O desaforamento -medida processual prevista para se transferir o julgamento para outro local, quando as condições do lugar do crime criam dúvidas sobre a parcialidade dos jurados- seria inútil. A raiz desse sentimento não está na cidade do Rio de Janeiro. O clima de condenação seria idêntico em qualquer canto do país, e, certamente, mais acirrado ainda numa comunidade provinciana.
Se no Brasil até senadores de esquerda se deixam embalar pela comoção das novelas da TV Globo, o que esperar do tribunal popular, formado por pessoas comuns e que muito provavelmente também se comoveram com o fim trágico da atriz?
Os ingredientes quase ficcionais do crime, as estranhas tatuagens dos réus, a simpatia da vítima, o sofrimento profundo de sua mãe, o ruído das ONGs e dos artistas, o prejulgamento da mídia, o desmoronamento estúpido de um mundo que parecia mágico e feliz, tudo isso faz com que a sensação de cartas marcadas ultrapasse limites meramente territoriais, fixados pelo local do crime.

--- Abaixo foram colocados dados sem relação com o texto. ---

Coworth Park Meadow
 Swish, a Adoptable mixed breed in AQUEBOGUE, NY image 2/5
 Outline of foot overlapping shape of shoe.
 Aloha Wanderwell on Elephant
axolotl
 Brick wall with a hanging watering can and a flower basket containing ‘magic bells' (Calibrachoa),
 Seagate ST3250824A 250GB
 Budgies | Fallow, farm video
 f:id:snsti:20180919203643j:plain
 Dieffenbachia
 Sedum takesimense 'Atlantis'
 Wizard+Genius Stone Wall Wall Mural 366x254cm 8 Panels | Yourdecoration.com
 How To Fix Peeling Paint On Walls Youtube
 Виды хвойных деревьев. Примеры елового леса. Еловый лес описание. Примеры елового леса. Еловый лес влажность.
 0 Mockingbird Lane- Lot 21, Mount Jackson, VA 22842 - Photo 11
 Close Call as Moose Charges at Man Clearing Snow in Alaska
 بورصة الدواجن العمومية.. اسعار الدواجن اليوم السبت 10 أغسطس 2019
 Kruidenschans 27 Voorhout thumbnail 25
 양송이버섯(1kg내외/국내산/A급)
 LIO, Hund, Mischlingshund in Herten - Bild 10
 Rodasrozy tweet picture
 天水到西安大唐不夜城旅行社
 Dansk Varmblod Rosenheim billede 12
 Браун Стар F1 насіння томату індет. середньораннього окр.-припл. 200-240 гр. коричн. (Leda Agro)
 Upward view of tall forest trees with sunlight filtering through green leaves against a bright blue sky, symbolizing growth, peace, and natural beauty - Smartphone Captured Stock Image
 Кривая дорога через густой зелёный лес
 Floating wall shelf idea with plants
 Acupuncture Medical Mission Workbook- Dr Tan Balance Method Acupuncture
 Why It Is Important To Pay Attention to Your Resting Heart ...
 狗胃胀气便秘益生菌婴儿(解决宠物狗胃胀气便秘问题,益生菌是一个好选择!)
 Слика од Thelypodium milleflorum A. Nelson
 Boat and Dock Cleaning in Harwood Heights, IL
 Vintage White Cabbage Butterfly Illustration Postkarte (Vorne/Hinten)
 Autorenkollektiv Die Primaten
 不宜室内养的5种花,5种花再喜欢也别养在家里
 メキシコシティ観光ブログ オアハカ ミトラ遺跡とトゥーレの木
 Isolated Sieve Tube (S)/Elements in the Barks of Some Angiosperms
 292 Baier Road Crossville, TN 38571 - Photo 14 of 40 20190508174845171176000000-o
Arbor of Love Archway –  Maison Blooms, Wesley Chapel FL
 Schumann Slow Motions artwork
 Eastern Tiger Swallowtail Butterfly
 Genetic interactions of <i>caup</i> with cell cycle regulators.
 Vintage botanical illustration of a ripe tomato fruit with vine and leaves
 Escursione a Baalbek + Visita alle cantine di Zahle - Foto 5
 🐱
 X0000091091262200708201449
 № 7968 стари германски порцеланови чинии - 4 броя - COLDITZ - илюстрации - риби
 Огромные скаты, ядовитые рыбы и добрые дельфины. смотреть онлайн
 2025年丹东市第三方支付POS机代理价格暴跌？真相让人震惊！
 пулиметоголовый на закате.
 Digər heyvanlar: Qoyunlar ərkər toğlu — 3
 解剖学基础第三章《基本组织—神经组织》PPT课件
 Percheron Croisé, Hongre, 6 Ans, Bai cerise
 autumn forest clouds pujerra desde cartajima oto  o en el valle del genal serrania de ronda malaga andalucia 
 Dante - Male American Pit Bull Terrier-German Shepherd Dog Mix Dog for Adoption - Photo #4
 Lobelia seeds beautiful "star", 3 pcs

A Justiça não considera o noticiário dos meios de comunicação, favorável ou desfavorável a alguém, como um indício de parcialidade dos jurados.
Mas a opinião pública influi, sim, no resultado dos julgamentos. E seria impossível contê-la. Só com o obscurantismo da censura se formaria um corpo de jurados absolutamente livre de pressões psicológicas. A mesma censura, aliás, que proibiu a circulação do livro de Guilherme de Pádua, sob o argumento de que ofendia a reputação da vítima.
O fato é que a versão que se consolidou sobre o assassinato de Daniella Perez é a versão da acusação: a de que os réus mataram a atriz premeditadamente, por motivo torpe e de forma a impossibilitar sua defesa. O que não coincide com isso é recebido como pura mentira. Os réus não merecem compaixão, mas a mais severa das punições: não por matar alguém, mas por matar aquela menina que brilhava nas telas da TV.
O julgamento de um crime passional é o desenrolar de uma terrível tragédia, a ser observada como tragédia real, não como espetáculo. Uma tragédia com duas mãos de direção: talvez nada se aproxime mais da dor de perder alguém assassinado nessas condições do que a dor de ser o próprio assassino.
Nos tribunais, deveria prevalecer a verdade. Mas nem sempre é assim. Esta é a grande incógnita do julgamento que hoje começa: estarão os sete jurados predispostos à imparcialidade ou já trazem no inconsciente a decisão de rejeitar qualquer circunstância capaz de alterar a sorte anunciada de Guilherme de Pádua ou de Paula Thomaz?
Apesar de tudo, o tribunal do júri, costumam dizer, é uma caixinha de surpresas. É que, diante dos jurados, a liberdade de expressão é absoluta: para acusar e para defender.